Hacker News new | ask | show | jobs
by WJW 1701 days ago
The fact that there are so few of these types of company around probably means that they have trouble surviving in a world where the competition is supported by modern finance.
2 comments

> they have trouble surviving in a world where the competition is supported by modern finance

The problem with coöperatives is longevity. We have white-collar coöps of sorts: partnerships. They tend to disintegrate after a generation or become quasi-corporations over time because immortal entities can make plans and promises on time scales that ones that grow old and change priorities and die can't.

Can you have a cooperative with limited liability? I'm sure you can emulate it with a limited company and particular arrangements of stock ownership and voting rights, but I doubt that's easy or cheap to set up.

The John Lewis Partnership in the UK is a public limited company whose shares are entirely owned by a trust that pays shares of profits to all of its employees, which isn't quite "ownership" but close, and they have a $15bn revenue.
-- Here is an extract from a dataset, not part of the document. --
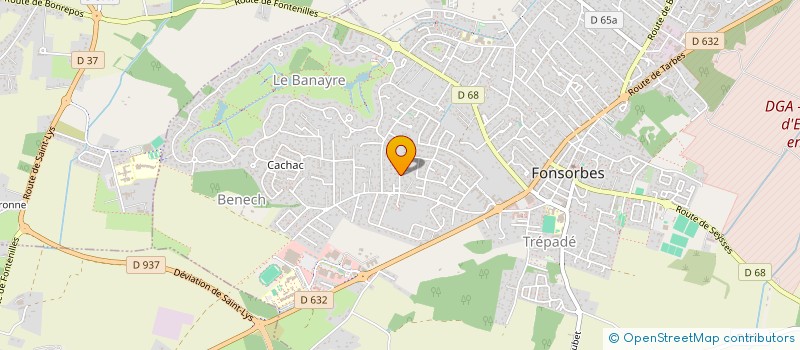 localisation de l'entreprise ZM AUTOMATISME  FONSORBES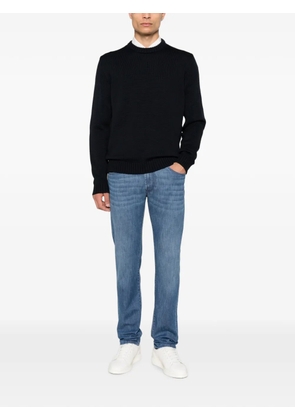 Zanone ribbed-knit sweater - Blue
Publix Super Markets in the US has a $45bn revenue and is privately owned with all employees receiving stock.

https://www.investopedia.com/articles/insights/051316/6-succ...

Financing is probably an issue at a certain level but it doesn't seem to be limiting otherwise. They're just unusual, although if you consider startups giving employees a stake isn't that strange today.

> Can you have a cooperative with limited liability?

Yes, in the US, at least. A coop can be a corporation or LLC (and a coop that is either the former or the latter when taxed as a corporation has special tax status with the IRS, under subchapter T, so occasionally they are referred to as “T corps” analogous to C or S corps.)

An S-Corp is the structure made for that sort of spread to a limited number of stakeholders. Not to say it's viable in some states with current regulation.

Also, LLP is a limited liability partnership. Wholly state entity, though, so the same caveat again. Member limits, etc.

And that's the USA of course. Your country may vary.